= Data extracts =

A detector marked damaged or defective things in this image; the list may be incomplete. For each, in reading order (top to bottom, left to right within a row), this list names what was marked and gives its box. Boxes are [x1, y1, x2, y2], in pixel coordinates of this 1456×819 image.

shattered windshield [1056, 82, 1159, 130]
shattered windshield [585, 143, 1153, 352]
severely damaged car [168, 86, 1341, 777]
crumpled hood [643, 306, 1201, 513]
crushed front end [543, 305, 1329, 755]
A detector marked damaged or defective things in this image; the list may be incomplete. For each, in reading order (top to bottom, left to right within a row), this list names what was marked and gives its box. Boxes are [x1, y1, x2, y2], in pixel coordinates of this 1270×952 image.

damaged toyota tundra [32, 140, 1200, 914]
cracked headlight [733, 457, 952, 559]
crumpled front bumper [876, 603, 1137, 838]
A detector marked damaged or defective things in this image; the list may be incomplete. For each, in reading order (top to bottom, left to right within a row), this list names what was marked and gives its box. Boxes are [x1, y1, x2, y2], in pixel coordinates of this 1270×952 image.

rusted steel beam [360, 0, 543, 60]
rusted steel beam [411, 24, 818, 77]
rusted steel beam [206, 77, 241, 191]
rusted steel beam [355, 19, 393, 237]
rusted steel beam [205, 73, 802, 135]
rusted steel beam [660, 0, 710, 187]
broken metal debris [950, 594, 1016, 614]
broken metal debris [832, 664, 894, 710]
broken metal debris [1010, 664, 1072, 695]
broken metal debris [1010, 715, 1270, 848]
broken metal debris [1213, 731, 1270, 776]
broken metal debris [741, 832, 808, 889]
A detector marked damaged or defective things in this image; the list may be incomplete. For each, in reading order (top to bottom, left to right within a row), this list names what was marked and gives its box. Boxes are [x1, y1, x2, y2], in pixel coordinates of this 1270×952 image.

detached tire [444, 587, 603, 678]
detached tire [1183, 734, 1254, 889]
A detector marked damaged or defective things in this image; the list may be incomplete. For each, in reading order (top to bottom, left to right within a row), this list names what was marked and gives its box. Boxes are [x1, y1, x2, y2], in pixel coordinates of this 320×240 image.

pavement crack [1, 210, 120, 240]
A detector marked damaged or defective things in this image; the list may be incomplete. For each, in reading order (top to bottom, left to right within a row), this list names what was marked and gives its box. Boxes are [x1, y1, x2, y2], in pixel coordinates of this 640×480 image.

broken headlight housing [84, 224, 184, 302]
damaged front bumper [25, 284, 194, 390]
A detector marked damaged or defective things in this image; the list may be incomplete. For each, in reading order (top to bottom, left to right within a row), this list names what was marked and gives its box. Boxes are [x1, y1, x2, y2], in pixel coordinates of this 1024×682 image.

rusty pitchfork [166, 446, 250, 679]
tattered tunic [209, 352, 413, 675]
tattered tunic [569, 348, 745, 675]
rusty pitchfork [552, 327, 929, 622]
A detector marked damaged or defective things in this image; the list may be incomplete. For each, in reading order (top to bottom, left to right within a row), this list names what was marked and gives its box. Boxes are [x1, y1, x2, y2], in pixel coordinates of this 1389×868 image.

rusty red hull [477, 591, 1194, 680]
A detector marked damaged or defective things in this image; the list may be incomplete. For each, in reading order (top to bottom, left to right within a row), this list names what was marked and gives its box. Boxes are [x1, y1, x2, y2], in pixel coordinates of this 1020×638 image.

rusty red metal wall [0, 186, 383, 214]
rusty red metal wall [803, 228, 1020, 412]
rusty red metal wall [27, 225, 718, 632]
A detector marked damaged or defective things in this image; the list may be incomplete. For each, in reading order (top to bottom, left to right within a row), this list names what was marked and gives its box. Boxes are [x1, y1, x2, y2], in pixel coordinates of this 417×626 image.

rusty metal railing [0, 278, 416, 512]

= Your instructions =
The records above need to be written out once more, exactly.

= Solution for this task =
A detector marked damaged or defective things in this image; the list may be incomplete. For each, in reading order (top to bottom, left to right within a row), this list names what was marked and gives its box. Boxes are [x1, y1, x2, y2], in pixel coordinates of this 1456×819 image.

shattered windshield [1056, 82, 1159, 130]
shattered windshield [585, 143, 1153, 352]
severely damaged car [168, 86, 1341, 777]
crumpled hood [643, 306, 1201, 513]
crushed front end [543, 305, 1329, 755]
A detector marked damaged or defective things in this image; the list may be incomplete. For each, in reading order (top to bottom, left to right within a row), this list names what was marked and gives its box. Boxes are [x1, y1, x2, y2], in pixel coordinates of this 1270×952 image.

damaged toyota tundra [32, 140, 1200, 914]
cracked headlight [733, 457, 952, 559]
crumpled front bumper [876, 603, 1137, 838]
A detector marked damaged or defective things in this image; the list may be incomplete. For each, in reading order (top to bottom, left to right within a row), this list names what was marked and gives its box. Boxes are [x1, y1, x2, y2], in pixel coordinates of this 1270×952 image.

rusted steel beam [360, 0, 543, 60]
rusted steel beam [411, 24, 818, 77]
rusted steel beam [206, 77, 241, 191]
rusted steel beam [355, 19, 393, 237]
rusted steel beam [205, 73, 802, 135]
rusted steel beam [660, 0, 710, 187]
broken metal debris [950, 594, 1016, 614]
broken metal debris [832, 664, 894, 710]
broken metal debris [1010, 664, 1072, 695]
broken metal debris [1010, 715, 1270, 848]
broken metal debris [1213, 731, 1270, 776]
broken metal debris [741, 832, 808, 889]
A detector marked damaged or defective things in this image; the list may be incomplete. For each, in reading order (top to bottom, left to right within a row), this list names what was marked and gives its box. Boxes are [x1, y1, x2, y2], in pixel coordinates of this 1270×952 image.

detached tire [444, 587, 603, 678]
detached tire [1183, 734, 1254, 889]
A detector marked damaged or defective things in this image; the list may be incomplete. For each, in reading order (top to bottom, left to right within a row), this list names what was marked and gives its box. Boxes are [x1, y1, x2, y2], in pixel coordinates of this 320×240 image.

pavement crack [1, 210, 120, 240]
A detector marked damaged or defective things in this image; the list may be incomplete. For each, in reading order (top to bottom, left to right within a row), this list names what was marked and gives its box. Boxes are [x1, y1, x2, y2], in pixel coordinates of this 640×480 image.

broken headlight housing [84, 224, 184, 302]
damaged front bumper [25, 284, 194, 390]
A detector marked damaged or defective things in this image; the list may be incomplete. For each, in reading order (top to bottom, left to right within a row), this list names what was marked and gives its box. Boxes are [x1, y1, x2, y2], in pixel coordinates of this 1024×682 image.

rusty pitchfork [166, 446, 250, 679]
tattered tunic [209, 352, 413, 675]
tattered tunic [569, 348, 745, 675]
rusty pitchfork [552, 327, 929, 622]
A detector marked damaged or defective things in this image; the list may be incomplete. For each, in reading order (top to bottom, left to right within a row), this list names what was marked and gives its box. Boxes are [x1, y1, x2, y2], in pixel coordinates of this 1389×868 image.

rusty red hull [477, 591, 1194, 680]
A detector marked damaged or defective things in this image; the list may be incomplete. For each, in reading order (top to bottom, left to right within a row), this list names what was marked and gives its box. Boxes are [x1, y1, x2, y2], in pixel coordinates of this 1020×638 image.

rusty red metal wall [0, 186, 383, 214]
rusty red metal wall [803, 228, 1020, 412]
rusty red metal wall [27, 225, 718, 632]
A detector marked damaged or defective things in this image; the list may be incomplete. For each, in reading order (top to bottom, left to right within a row), this list names what was marked and gives its box. Boxes are [x1, y1, x2, y2], in pixel coordinates of this 417×626 image.

rusty metal railing [0, 278, 416, 512]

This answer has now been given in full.